At a sewage plant in Redwood City, levels are spiking, but declining in San Francisco’s Oceanside neighborhood and falling dramatically at similar facilities in Sunnyvale and Palo Alto.
Los Angeles is seeing a slow rise, while virus levels started to slowly fall off in Sacramento recently.
Given the current numbers, Chin-Hong does recommend taking additional precautions. He suggested people who are immunocompromised and those over the age of 65 consider masking indoors, given their higher susceptibility to severe illness.
Everyone else may want to weigh the consequences of falling ill at this time. Can you miss work? Do you have a special occasion on the books that you’d have to miss if you were isolated for five days, which public health officials still recommend people do after a positive test? Then it may be a good time to err on the safe side if you don’t want to end up at home alone. You could carry your well-fitting N95 mask in case you find yourself in a crowded indoor space.
The public will have the opportunity to fortify immunity soon. A new booster shot will likely be available in late September, designed to target the variants in wide circulation now.
Feeling like a pin cushion?

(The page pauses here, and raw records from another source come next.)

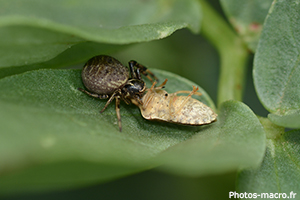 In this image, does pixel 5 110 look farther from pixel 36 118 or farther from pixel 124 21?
pixel 124 21

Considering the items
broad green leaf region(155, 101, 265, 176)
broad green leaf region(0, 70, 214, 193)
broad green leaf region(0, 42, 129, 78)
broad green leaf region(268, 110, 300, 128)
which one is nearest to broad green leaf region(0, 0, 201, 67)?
broad green leaf region(0, 42, 129, 78)

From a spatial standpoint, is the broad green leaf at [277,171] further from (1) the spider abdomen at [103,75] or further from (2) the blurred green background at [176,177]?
Result: (1) the spider abdomen at [103,75]

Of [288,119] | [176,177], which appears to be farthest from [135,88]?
[288,119]

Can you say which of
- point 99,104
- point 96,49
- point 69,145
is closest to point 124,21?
point 96,49

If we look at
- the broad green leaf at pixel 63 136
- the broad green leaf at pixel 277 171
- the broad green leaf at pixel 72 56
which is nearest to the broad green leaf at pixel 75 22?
the broad green leaf at pixel 72 56

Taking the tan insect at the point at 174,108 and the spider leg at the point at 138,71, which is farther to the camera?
the spider leg at the point at 138,71

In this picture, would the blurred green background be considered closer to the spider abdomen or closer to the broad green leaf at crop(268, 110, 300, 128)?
the spider abdomen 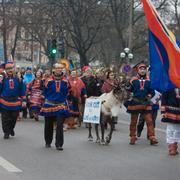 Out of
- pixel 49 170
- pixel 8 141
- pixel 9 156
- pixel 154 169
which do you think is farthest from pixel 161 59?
pixel 8 141

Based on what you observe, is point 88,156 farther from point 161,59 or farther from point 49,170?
point 161,59

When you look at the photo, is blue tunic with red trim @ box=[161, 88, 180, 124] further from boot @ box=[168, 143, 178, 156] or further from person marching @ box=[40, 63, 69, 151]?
person marching @ box=[40, 63, 69, 151]

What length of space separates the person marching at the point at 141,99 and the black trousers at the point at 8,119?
2.76m

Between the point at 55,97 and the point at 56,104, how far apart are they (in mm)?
148

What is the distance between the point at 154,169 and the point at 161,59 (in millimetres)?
1830

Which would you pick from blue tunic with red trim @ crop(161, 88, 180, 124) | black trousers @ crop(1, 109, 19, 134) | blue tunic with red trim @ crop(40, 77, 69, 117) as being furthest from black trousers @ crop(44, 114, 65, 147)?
blue tunic with red trim @ crop(161, 88, 180, 124)

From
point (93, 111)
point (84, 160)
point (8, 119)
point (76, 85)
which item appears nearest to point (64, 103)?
point (93, 111)

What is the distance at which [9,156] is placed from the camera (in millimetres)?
11125

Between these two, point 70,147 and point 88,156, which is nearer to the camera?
point 88,156

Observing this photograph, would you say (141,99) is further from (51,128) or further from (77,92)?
(77,92)

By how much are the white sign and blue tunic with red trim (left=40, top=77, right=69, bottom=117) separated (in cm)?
135

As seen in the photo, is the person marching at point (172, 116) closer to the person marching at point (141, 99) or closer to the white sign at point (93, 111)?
the person marching at point (141, 99)

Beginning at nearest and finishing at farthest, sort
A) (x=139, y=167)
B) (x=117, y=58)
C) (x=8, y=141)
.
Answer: (x=139, y=167) → (x=8, y=141) → (x=117, y=58)

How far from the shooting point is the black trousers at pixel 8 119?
13906 mm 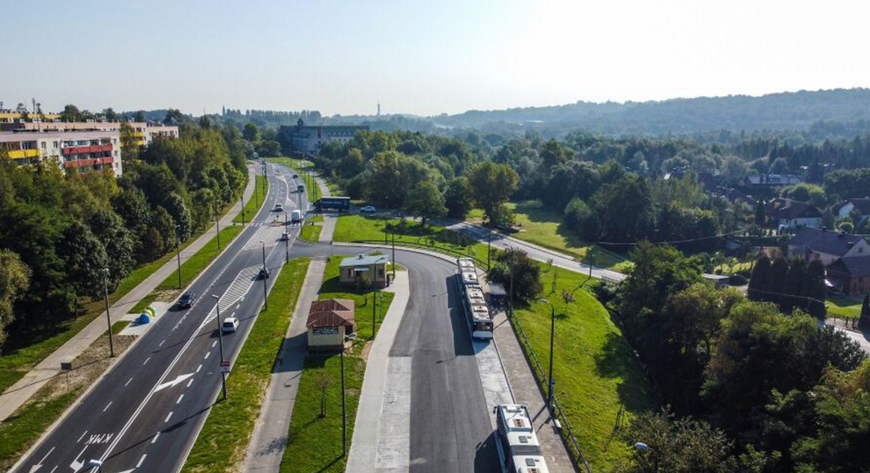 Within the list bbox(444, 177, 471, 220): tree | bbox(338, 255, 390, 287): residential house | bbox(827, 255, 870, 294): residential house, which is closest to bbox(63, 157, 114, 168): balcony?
bbox(338, 255, 390, 287): residential house

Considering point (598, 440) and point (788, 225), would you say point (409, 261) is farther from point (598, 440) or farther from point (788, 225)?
point (788, 225)

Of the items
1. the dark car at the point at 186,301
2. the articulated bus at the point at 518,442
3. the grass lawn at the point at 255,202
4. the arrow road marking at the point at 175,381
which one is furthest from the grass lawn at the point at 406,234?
A: the articulated bus at the point at 518,442

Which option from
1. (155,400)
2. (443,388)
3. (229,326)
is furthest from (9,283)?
(443,388)

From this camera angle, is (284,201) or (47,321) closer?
(47,321)

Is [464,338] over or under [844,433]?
under

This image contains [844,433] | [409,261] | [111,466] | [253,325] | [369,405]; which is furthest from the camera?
[409,261]

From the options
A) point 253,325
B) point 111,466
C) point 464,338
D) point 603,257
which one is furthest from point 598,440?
point 603,257

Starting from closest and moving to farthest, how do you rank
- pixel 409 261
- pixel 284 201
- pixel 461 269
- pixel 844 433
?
pixel 844 433
pixel 461 269
pixel 409 261
pixel 284 201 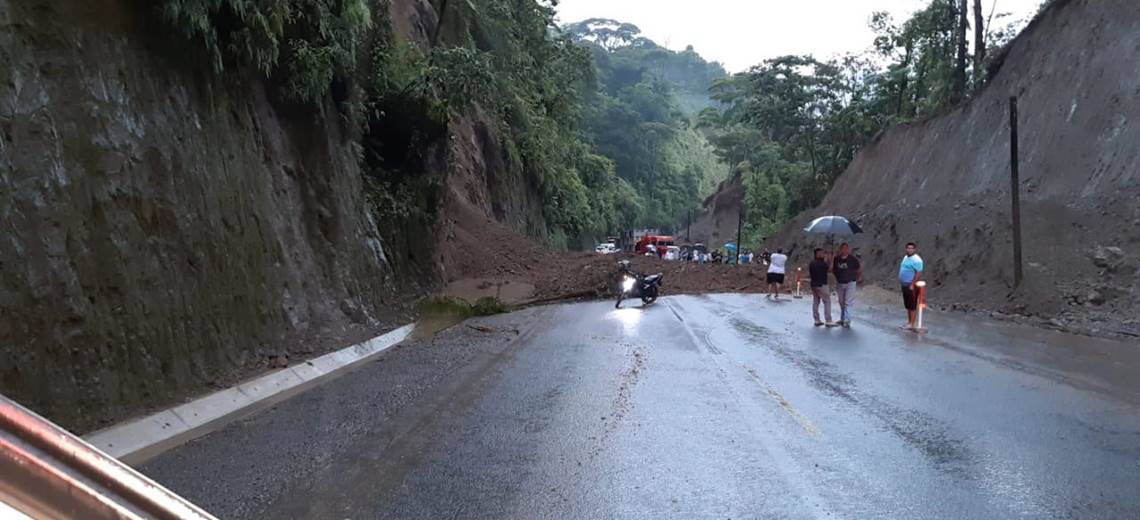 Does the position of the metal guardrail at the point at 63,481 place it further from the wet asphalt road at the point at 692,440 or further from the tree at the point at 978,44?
the tree at the point at 978,44

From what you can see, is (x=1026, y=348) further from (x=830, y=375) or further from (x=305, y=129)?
(x=305, y=129)

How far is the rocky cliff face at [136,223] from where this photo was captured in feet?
21.6

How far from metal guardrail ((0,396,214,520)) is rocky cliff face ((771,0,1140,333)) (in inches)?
679

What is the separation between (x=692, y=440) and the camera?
7020 mm

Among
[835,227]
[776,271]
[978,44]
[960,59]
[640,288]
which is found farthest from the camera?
[960,59]

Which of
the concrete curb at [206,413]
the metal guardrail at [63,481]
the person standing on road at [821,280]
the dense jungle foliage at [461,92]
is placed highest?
the dense jungle foliage at [461,92]

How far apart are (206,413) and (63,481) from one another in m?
6.72

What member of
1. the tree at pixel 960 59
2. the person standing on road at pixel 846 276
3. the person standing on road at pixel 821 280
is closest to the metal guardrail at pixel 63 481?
the person standing on road at pixel 846 276

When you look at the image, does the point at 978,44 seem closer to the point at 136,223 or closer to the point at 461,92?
the point at 461,92

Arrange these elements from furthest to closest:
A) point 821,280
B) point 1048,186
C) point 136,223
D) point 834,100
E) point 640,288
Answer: point 834,100 < point 640,288 < point 1048,186 < point 821,280 < point 136,223

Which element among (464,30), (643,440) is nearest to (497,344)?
(643,440)

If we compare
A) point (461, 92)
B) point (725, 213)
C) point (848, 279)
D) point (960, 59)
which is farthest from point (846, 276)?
point (725, 213)

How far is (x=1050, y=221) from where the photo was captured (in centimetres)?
2094

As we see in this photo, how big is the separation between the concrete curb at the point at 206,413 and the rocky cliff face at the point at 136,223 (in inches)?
10.1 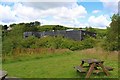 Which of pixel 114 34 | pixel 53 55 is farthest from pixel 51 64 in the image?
pixel 114 34

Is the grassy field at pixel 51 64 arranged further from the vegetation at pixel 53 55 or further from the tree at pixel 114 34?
the tree at pixel 114 34

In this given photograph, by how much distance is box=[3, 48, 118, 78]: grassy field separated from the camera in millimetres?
10414

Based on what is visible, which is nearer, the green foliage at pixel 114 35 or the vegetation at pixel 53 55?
the vegetation at pixel 53 55

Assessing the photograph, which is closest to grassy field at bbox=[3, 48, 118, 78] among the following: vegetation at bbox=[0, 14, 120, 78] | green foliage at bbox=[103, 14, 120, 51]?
vegetation at bbox=[0, 14, 120, 78]

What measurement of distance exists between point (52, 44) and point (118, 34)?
8062 mm

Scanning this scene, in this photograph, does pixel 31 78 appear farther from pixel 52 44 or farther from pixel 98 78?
pixel 52 44

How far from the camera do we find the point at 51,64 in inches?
550

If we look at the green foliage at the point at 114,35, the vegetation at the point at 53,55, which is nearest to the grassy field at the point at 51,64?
the vegetation at the point at 53,55

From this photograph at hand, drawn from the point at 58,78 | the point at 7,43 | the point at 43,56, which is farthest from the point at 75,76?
the point at 7,43

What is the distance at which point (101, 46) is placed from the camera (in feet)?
Answer: 85.0

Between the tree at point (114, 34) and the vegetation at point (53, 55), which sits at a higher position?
the tree at point (114, 34)

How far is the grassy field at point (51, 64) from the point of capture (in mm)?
10414

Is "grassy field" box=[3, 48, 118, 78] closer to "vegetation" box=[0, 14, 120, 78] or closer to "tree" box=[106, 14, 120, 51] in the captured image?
"vegetation" box=[0, 14, 120, 78]

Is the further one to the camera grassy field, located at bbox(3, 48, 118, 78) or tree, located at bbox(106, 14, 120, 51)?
tree, located at bbox(106, 14, 120, 51) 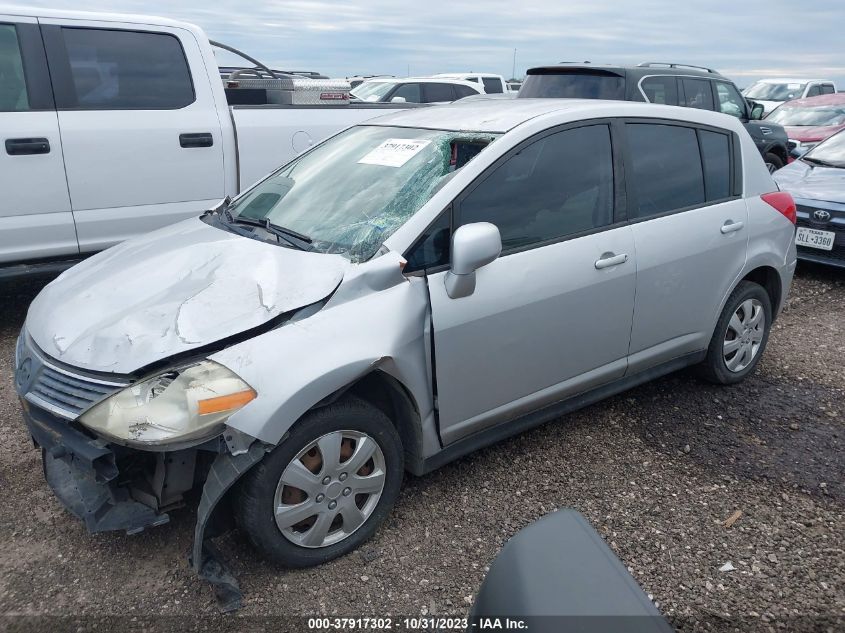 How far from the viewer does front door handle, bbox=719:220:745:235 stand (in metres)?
3.64

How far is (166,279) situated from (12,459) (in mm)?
1413

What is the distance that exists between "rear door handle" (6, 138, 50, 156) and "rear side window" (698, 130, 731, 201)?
4.19m

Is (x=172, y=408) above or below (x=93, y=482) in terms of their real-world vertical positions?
above

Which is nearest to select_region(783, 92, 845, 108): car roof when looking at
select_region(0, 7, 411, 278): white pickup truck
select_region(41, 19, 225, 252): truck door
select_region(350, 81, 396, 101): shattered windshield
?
select_region(350, 81, 396, 101): shattered windshield

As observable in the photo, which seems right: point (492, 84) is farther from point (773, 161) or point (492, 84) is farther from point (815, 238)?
point (815, 238)

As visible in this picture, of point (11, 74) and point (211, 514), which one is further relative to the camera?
point (11, 74)

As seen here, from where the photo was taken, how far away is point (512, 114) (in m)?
3.14

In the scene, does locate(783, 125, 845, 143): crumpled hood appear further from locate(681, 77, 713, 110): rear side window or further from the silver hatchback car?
the silver hatchback car

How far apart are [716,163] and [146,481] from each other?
331 cm

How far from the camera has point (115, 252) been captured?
3.21 meters

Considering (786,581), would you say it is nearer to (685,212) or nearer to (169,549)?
(685,212)

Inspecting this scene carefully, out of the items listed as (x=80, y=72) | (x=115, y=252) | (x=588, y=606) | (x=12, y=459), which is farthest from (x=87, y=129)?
(x=588, y=606)

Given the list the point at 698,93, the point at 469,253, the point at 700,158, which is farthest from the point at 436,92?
the point at 469,253

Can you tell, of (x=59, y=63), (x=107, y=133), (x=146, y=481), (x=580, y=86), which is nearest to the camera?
(x=146, y=481) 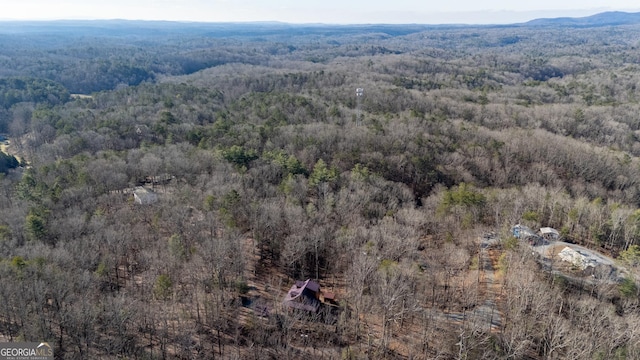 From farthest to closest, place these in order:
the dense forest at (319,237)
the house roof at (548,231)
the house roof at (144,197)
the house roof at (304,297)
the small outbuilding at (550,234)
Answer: the house roof at (144,197) < the house roof at (548,231) < the small outbuilding at (550,234) < the house roof at (304,297) < the dense forest at (319,237)

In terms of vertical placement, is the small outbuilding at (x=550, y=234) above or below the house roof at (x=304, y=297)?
above

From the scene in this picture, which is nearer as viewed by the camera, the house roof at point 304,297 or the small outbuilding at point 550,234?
the house roof at point 304,297

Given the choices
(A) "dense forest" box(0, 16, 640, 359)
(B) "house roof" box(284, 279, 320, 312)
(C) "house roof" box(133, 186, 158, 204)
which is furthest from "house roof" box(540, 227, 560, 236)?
(C) "house roof" box(133, 186, 158, 204)

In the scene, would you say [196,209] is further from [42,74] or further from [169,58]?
[169,58]

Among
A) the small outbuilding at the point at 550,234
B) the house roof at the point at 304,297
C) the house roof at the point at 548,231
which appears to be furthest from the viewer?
the house roof at the point at 548,231

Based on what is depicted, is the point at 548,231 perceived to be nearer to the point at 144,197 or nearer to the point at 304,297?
the point at 304,297

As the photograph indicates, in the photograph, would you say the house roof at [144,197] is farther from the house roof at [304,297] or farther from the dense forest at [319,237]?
the house roof at [304,297]

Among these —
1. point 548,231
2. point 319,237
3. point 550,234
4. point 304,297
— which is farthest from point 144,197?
point 550,234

There’s good news for those suffering from booster fatigue. Scientists are working on a universal vaccine, which, in theory, would allow one-stop shopping. Unlike current vaccines, which offer protection against one or several strains of a disease, universal vaccines are designed to teach the immune system to defend against all versions of a pathogen — even versions that don’t exist yet. This is possible by targeting an element of the pathogen that is the same across all strains and types.
“That is the holy grail,” said Chin-Hong. “I think we will probably get something in the next two-to-three years. They are also working on that for influenza.”
In the meantime, he says, we could see a combination vaccine that provides protection for COVID-19 and influenza as early as next year.